Segment Open
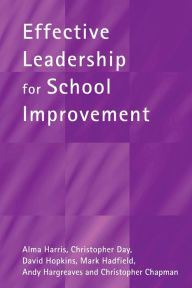 Title: Effective Leadership for School Improvement / Edition 1, Author: Alma Harris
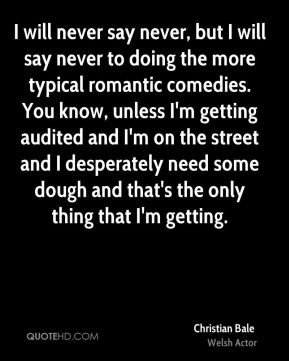 Christian Bale - I will never say never, but I will say never to doing ...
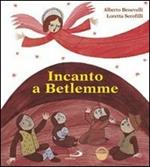 Incanto a Betlemme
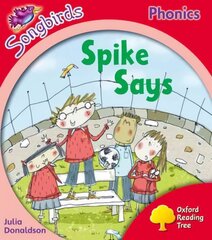 Oxford Reading Tree Songbirds Phonics: Level 4: Spike Says, Level 4 цена и информация | Книги для подростков и молодежи | kaup24.ee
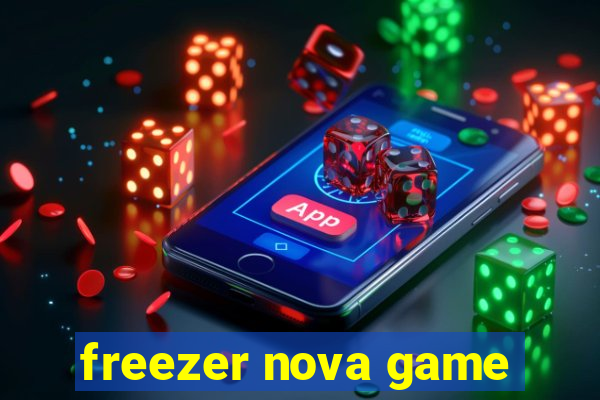 freezer nova game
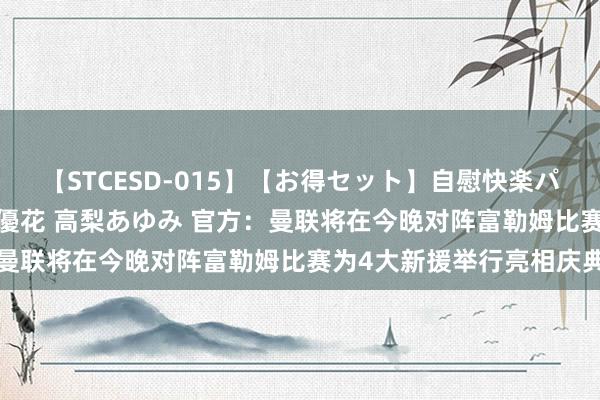 【STCESD-015】【お得セット】自慰快楽パラノイド 大場ゆい 本庄優花 高梨あゆみ 官方：曼联将在今晚对阵富勒姆比赛为4大新援举行亮相庆典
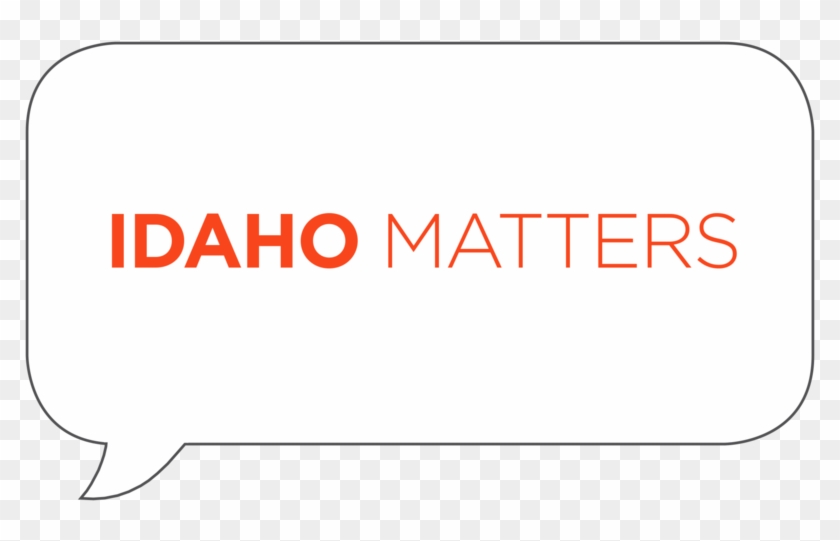 On The Friday, August 3, 2018 Edition Of Idaho Matters - On The Friday, August 3, 2018 Edition Of Idaho Matters #1770524
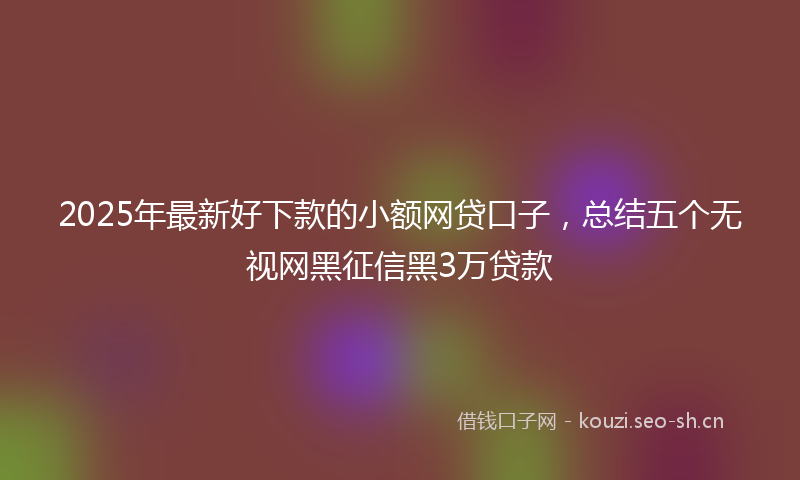 2025年最新好下款的小额网贷口子，总结五个无视网黑征信黑3万贷款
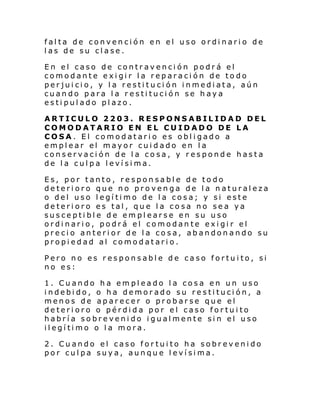 falta de convención en el uso ordinario de
las de su clase.
En el caso de contravención podrá el
comodante exigir la reparación de todo
perjuicio, y la restitución inmediata, aún
cuando para la restitución se haya
estipulado plazo.
ARTICULO 2203. RESPONSABILIDAD DEL
COMODATARIO EN EL CUIDADO DE LA
COSA. El comodatario es obligado a
emplear el mayor cuidado en la
conservación de la cosa, y responde hasta
de la culpa levísima.
Es, por tanto, responsable de todo
deterioro que no provenga de la naturaleza
o del uso legítimo de la cosa; y si este
deterioro es tal, que la cosa no sea ya
susceptible de emplearse en su uso
ordinario, podrá el comodante exigir el
precio anterior de la cosa, abandonando su
propiedad al comodatario.
Pero no es responsable de caso fortuito, si
no es:
1. Cuando ha empleado la cosa en un uso
indebido, o ha demorado su restitución, a
menos de aparecer o probarse que el
deterioro o pérdida por el caso fortuito
habría sobrevenido igualmente sin el uso
ilegítimo o la mora.
2. Cuando el caso fortuito ha sobrevenido
por culpa suya, aunque levísima.

 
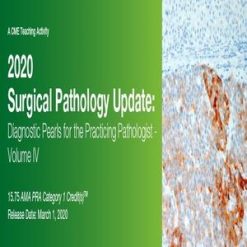 2020 Surgical Pathology Update Diagnostic Pearls for the Practicing Pathologist Vol. IV | Medical Video Courses.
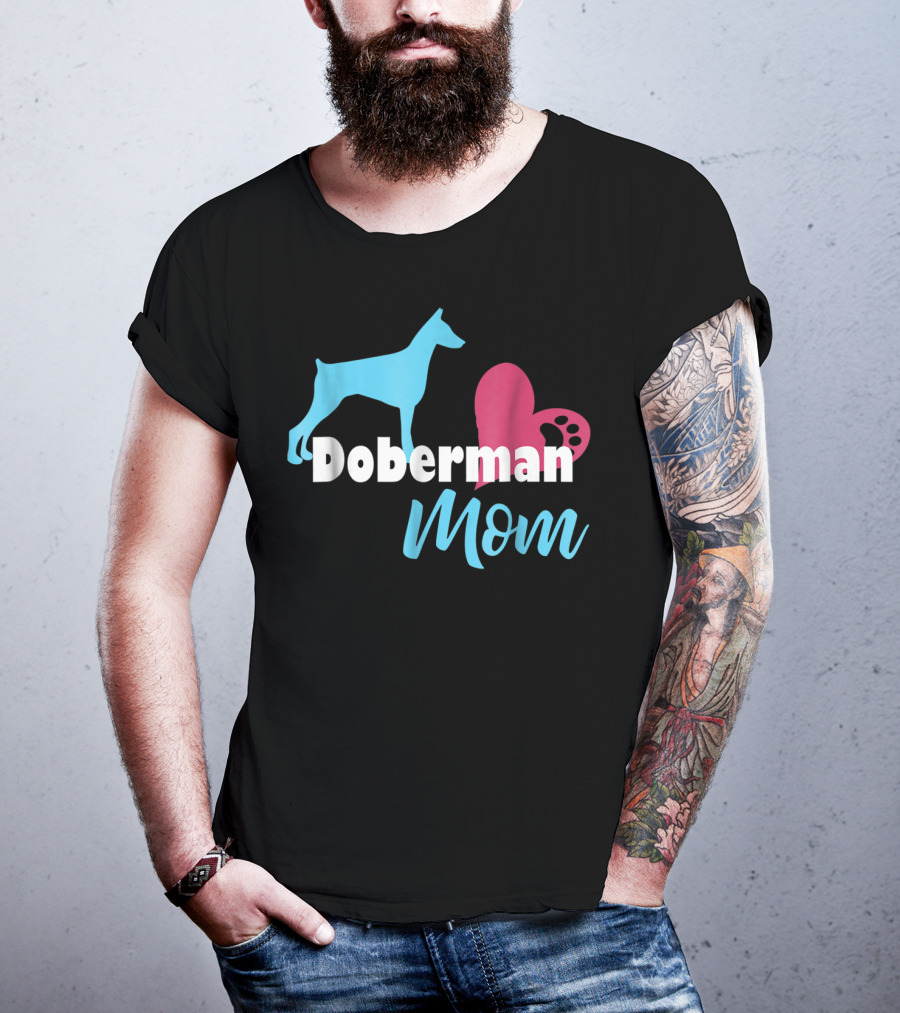 Doberman Mom Heart Paw Print For Awesome Doberman Lovers T-Shirt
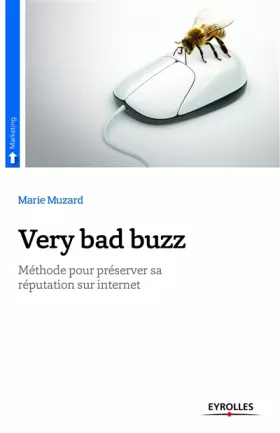 Couverture du produit · Very bad buzz: Méthode pour préserver sa réputation sur Internet.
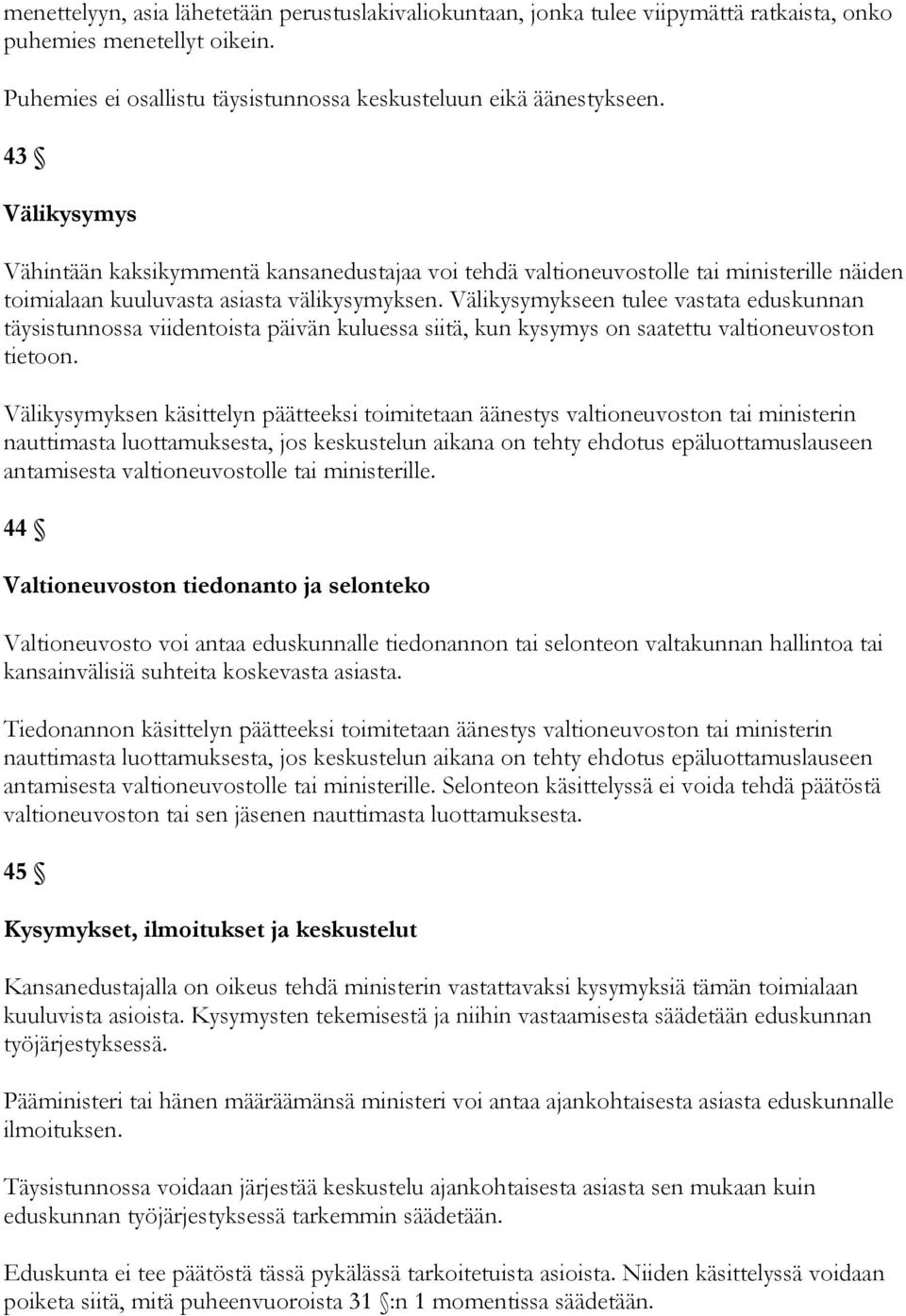 Välikysymykseen tulee vastata eduskunnan täysistunnossa viidentoista päivän kuluessa siitä, kun kysymys on saatettu valtioneuvoston tietoon.
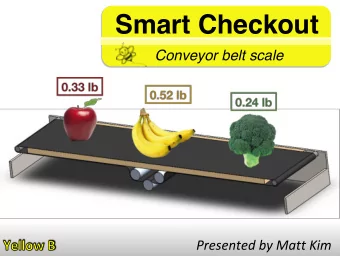Smart Checkout  Conveyor belt scale  Presented by Matt Kim  Market Need  Product  Challenges  Next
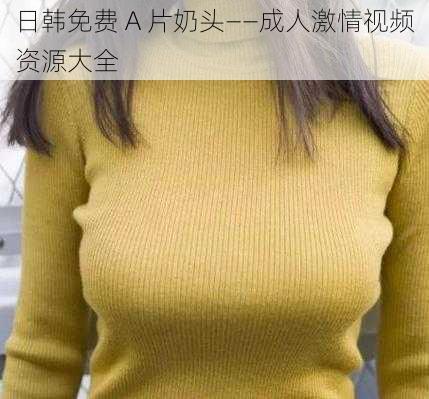日韩免费 A 片奶头——成人激情视频资源大全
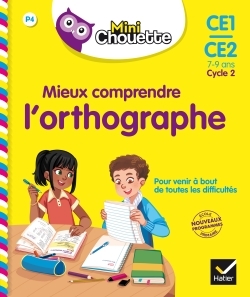 Mini Chouette - Mieux comprendre l'Orthographe CE1/CE2
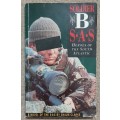 Soldier B S.A.S : Heroes of the South Atlantic  Author: Shaun Clarke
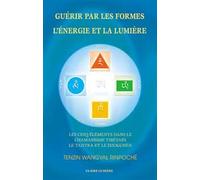 Guérir par les formes, l'énergie et la lumière : Les cinq éléments dans le chamanisme tibétain, le Tantra et le Dzogchèn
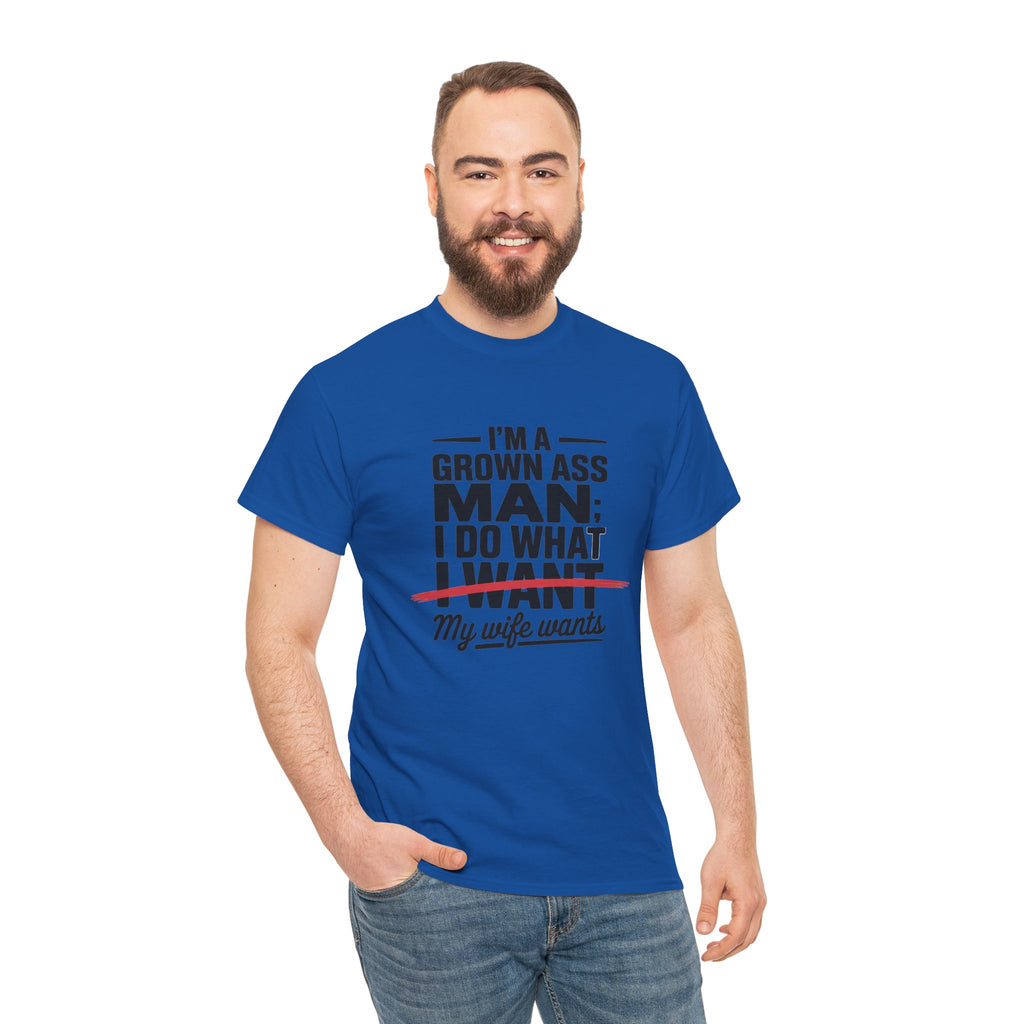 Funny Husband T‑Shirt – “I’m a Grown Ass Man; I Do What ~I Want~ My Wife Wants”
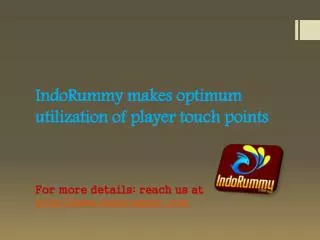 IndoRummy makes optimum utilization of player touch points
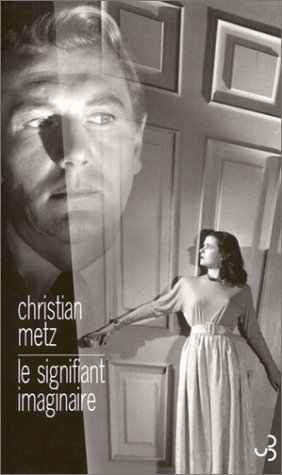 Book cover: Le Signifiant imaginaire - psychanalyse et cinéma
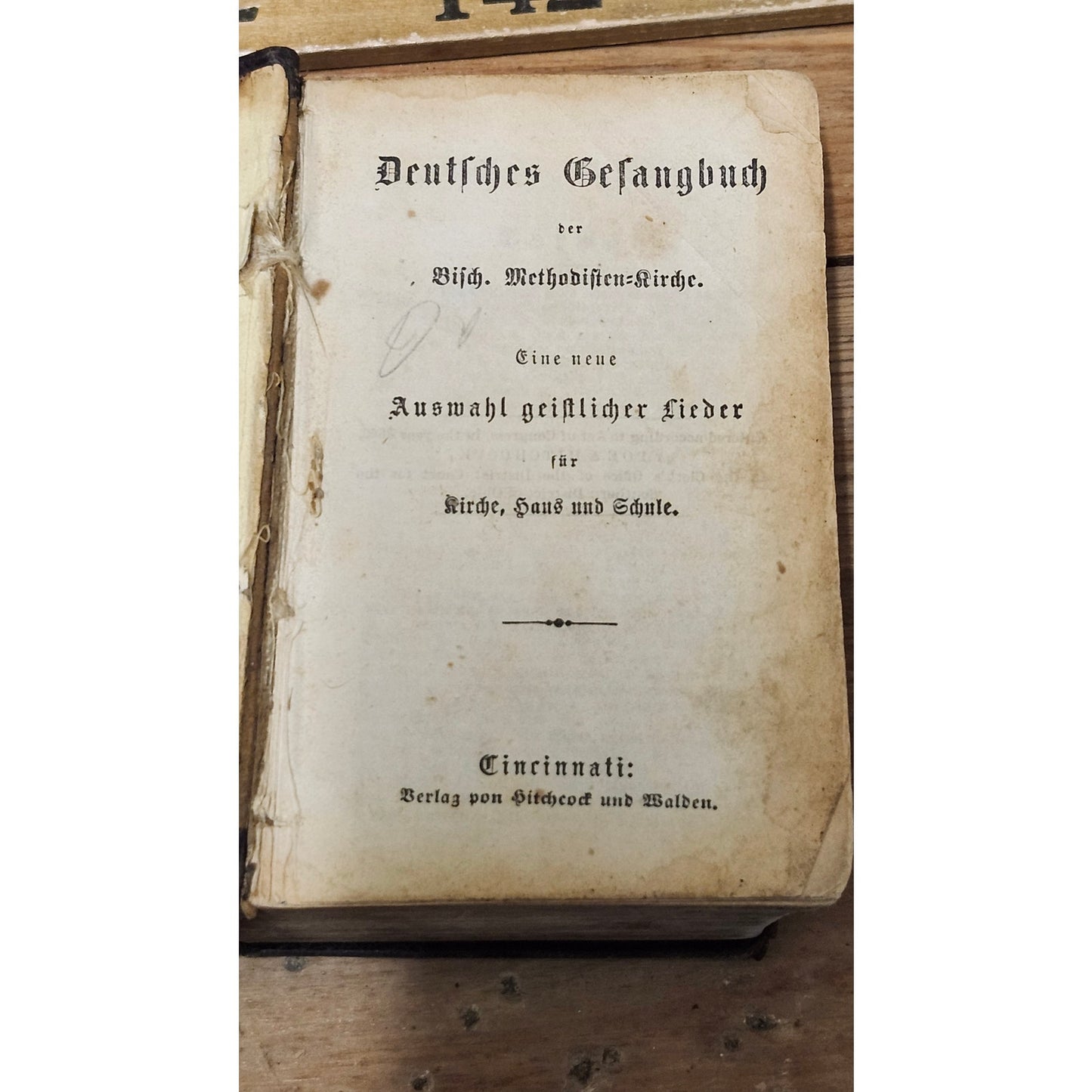 Antique 1865 German Methodist Hymnal Leather Bound Cincinnati Hitchcock & Walden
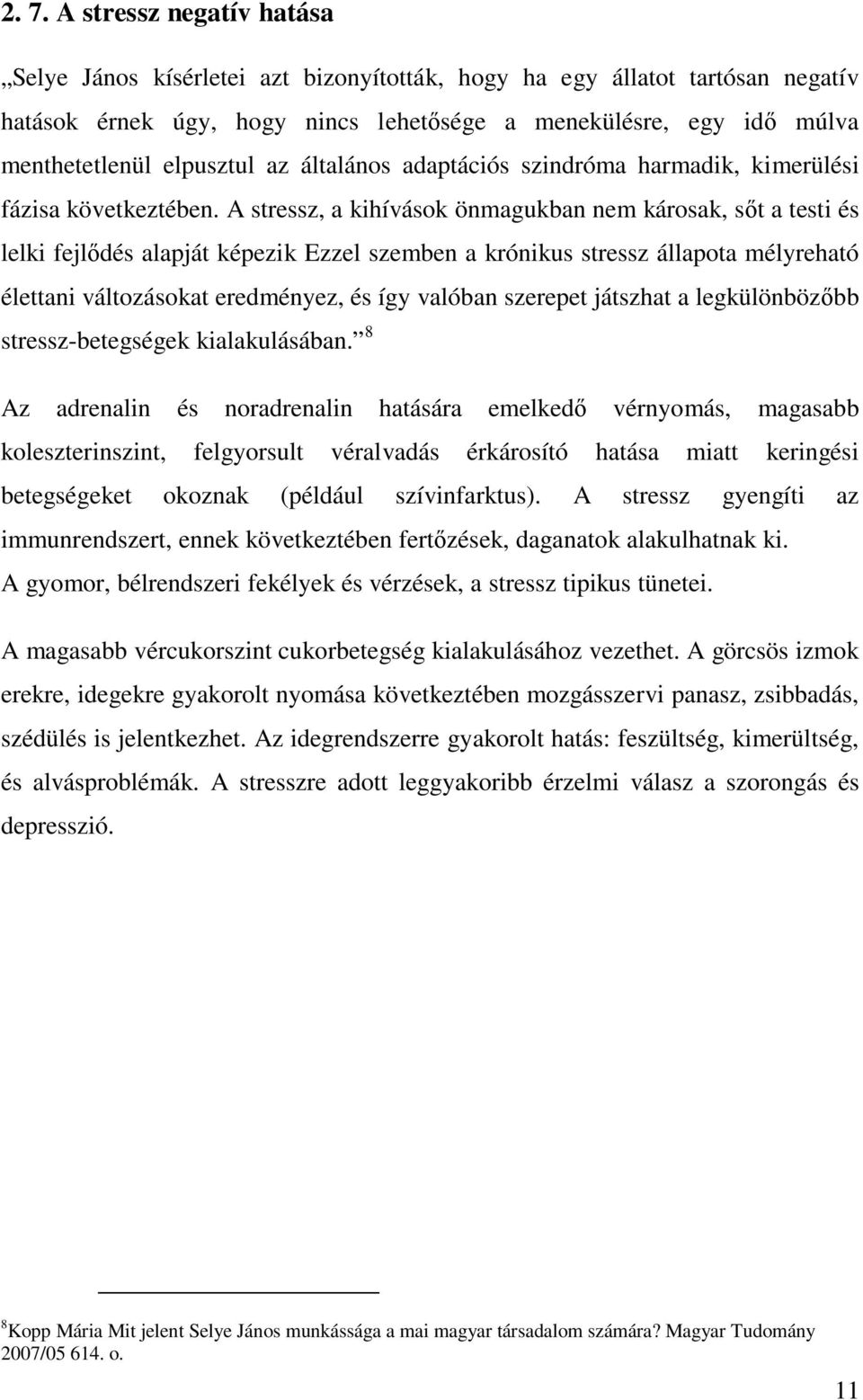 A stressz, a kihívások önmagukban nem károsak, s t a testi és lelki fejl dés alapját képezik Ezzel szemben a krónikus stressz állapota mélyreható élettani változásokat eredményez, és így valóban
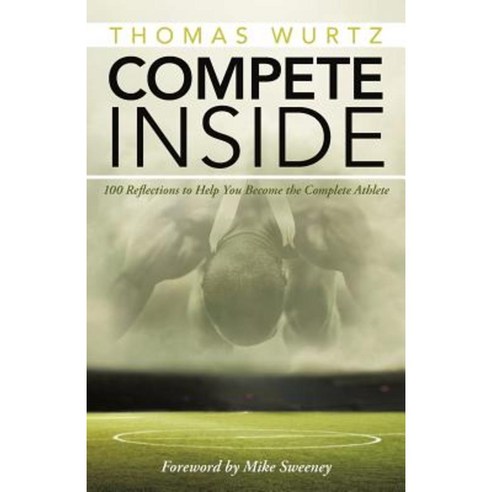 Compete Inside: 100 Reflections to Help You Become the Complete Athlete Paperback, WestBow Press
Segment Closed
- _DESCRIPTION OF THE TASK_: Go through the material and copy each line that contains "deterioro".

- _RESULT OF THIS EXERCISE_:
deterioro que no provenga de la naturaleza
deterioro es tal, que la cosa no sea ya
deterioro o pérdida por el caso fortuito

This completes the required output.